● Aim of the task:
After locating the line with "adidas Entrada 26" in the entries below, output it and each following line up to and including the line with "BOMBEIROS RESGATAM CACHORRO", exactly and without pictures.

● Data excerpts:
◆ ◆ ◆ ◆ ◆ ◆ ◆

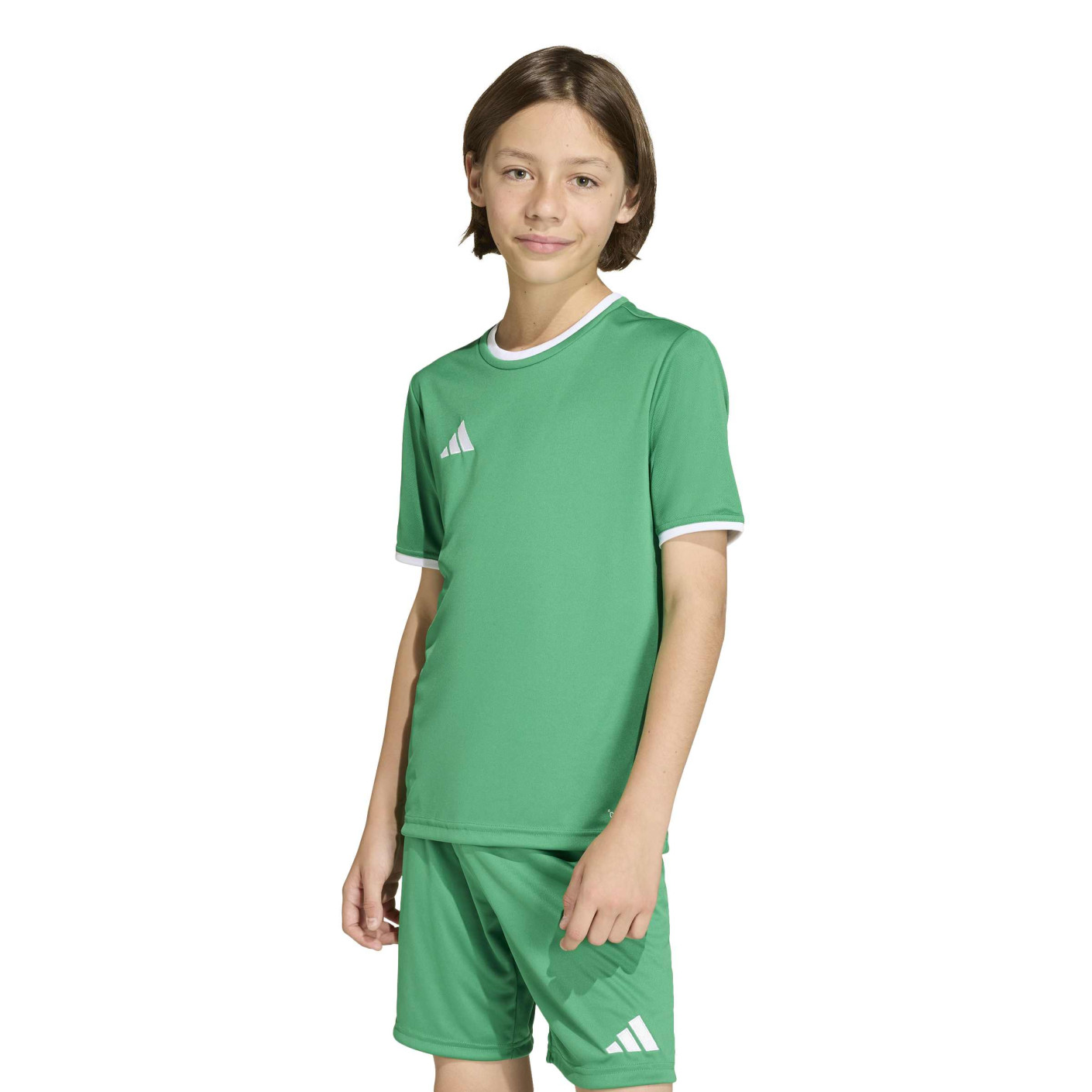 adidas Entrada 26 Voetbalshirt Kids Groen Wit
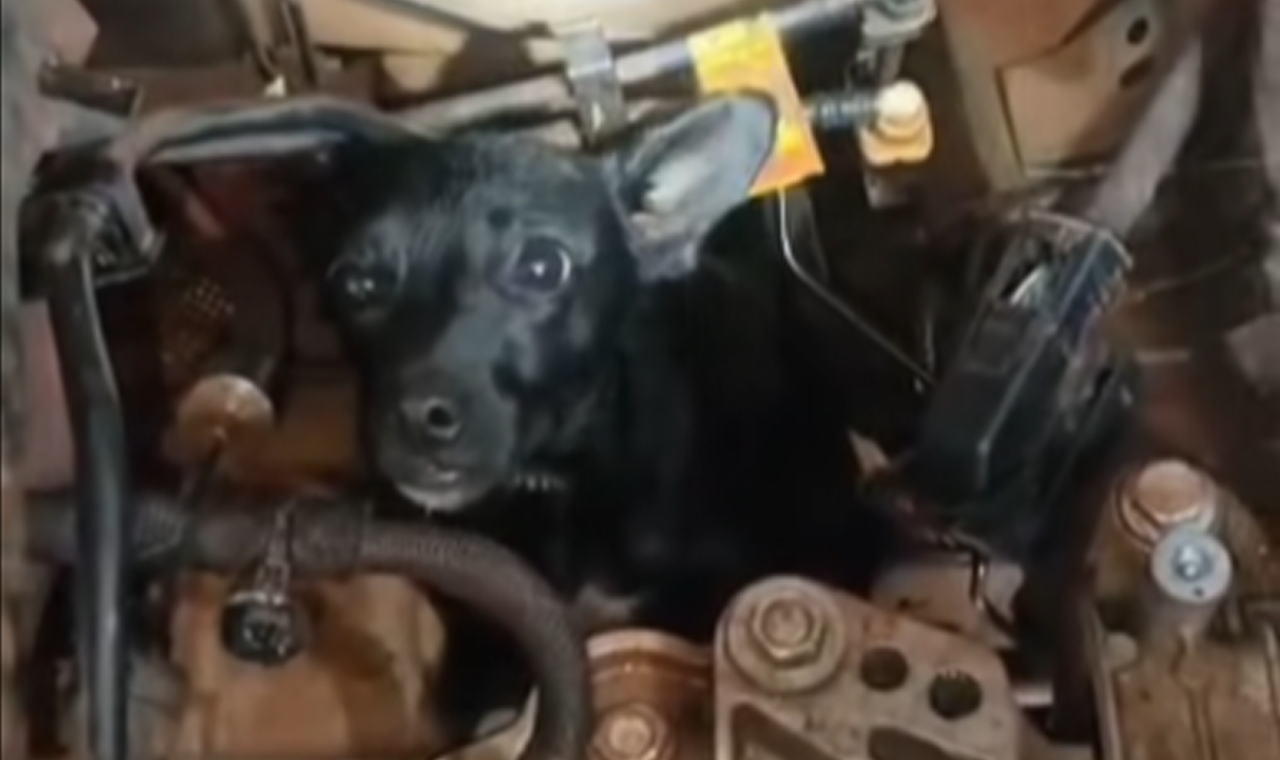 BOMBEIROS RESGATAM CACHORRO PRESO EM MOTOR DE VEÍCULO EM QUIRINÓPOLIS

◆ ◆ ◆ ◆ ◆ ◆ ◆

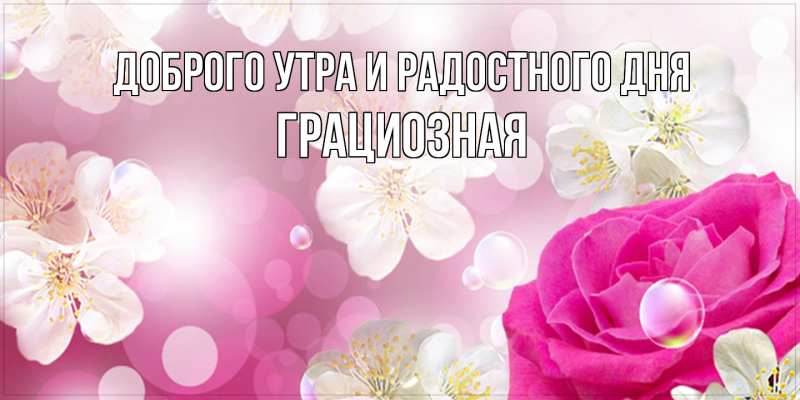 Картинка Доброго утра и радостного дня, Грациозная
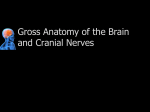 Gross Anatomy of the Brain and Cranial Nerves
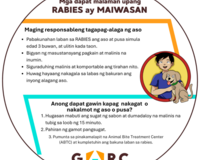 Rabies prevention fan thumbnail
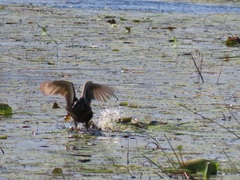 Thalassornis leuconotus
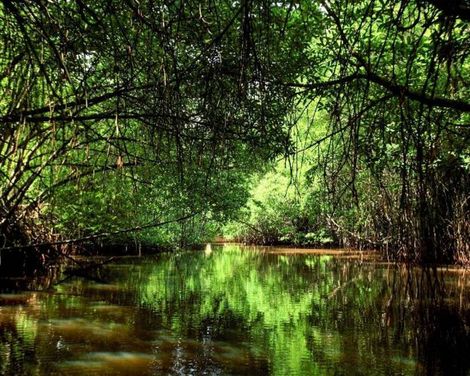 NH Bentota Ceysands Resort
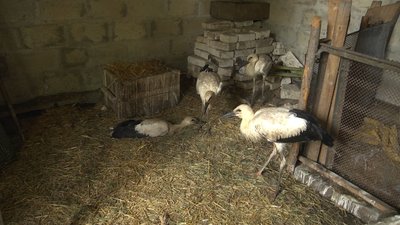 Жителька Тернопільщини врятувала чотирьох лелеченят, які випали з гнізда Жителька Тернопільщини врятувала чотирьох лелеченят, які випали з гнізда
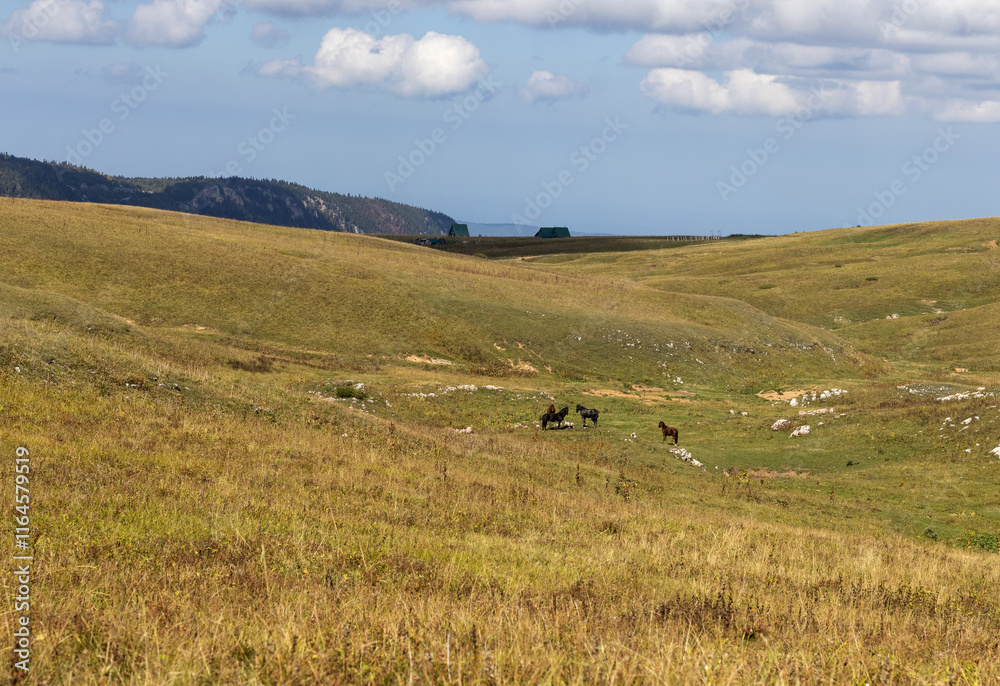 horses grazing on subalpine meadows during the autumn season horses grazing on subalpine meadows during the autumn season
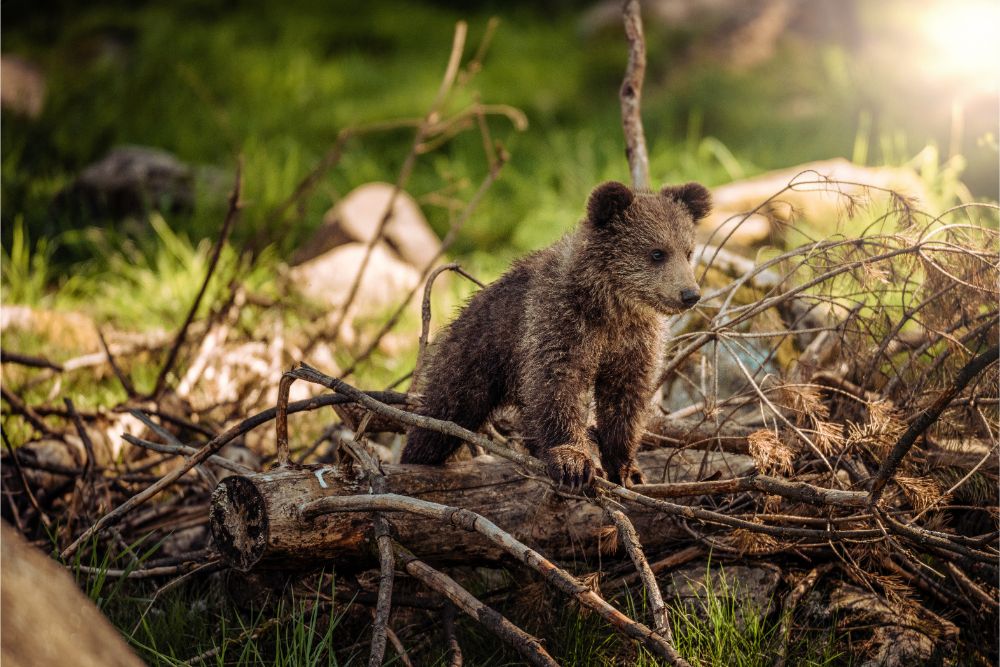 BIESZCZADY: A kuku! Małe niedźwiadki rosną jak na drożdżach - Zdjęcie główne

◆ ◆ ◆ ◆ ◆ ◆ ◆

● Written answer:
 adidas Entrada 26 Voetbalshirt Kids Groen Wit
 BOMBEIROS RESGATAM CACHORRO PRESO EM MOTOR DE VEÍCULO EM QUIRINÓPOLIS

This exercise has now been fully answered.